▸ **TASK PROMPT**: In the entries below, find the line with "The pumpkin carvers" and the line with "a room with". Reproduce those two lines and every line between them exactly, and nothing more.
====== LISTED RECORDS ======
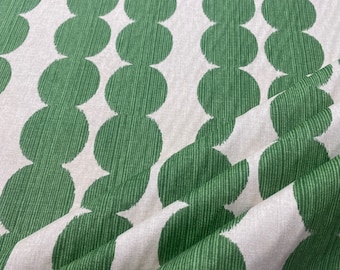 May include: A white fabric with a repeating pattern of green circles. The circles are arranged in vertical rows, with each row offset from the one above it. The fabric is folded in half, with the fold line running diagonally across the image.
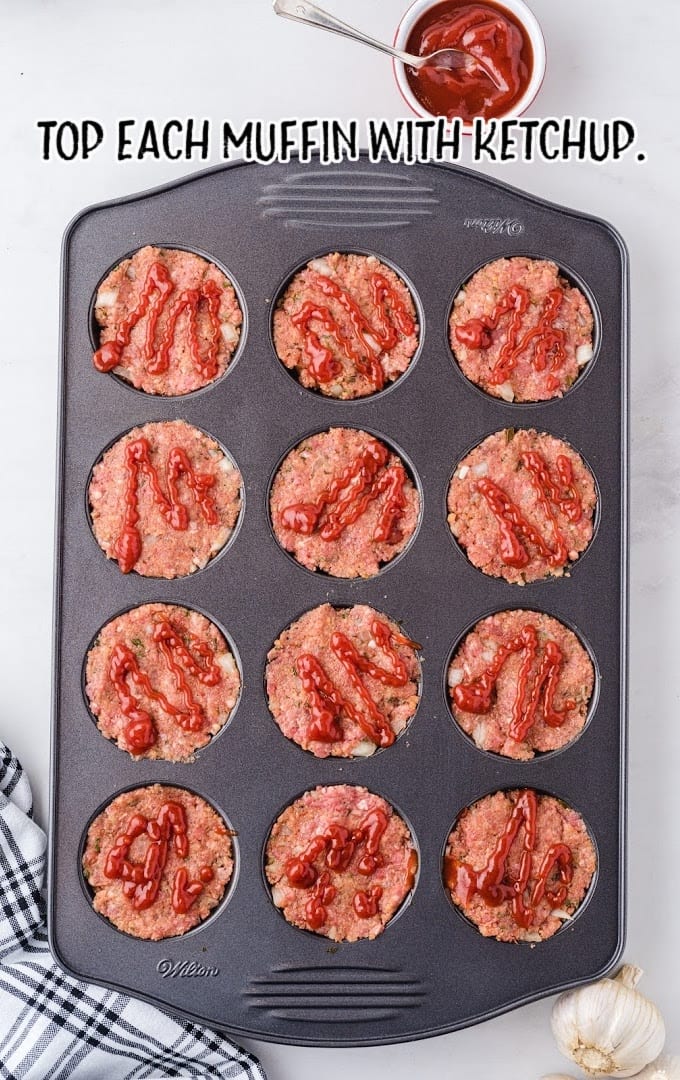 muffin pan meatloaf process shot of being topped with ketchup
======
====== LISTED RECORDS ======
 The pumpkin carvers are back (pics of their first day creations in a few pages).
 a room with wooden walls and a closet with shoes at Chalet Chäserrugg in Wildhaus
======
▸ **EXPECTED ANSWER**:
 The pumpkin carvers are back (pics of their first day creations in a few pages).
 a room with wooden walls and a closet with shoes at Chalet Chäserrugg in Wildhaus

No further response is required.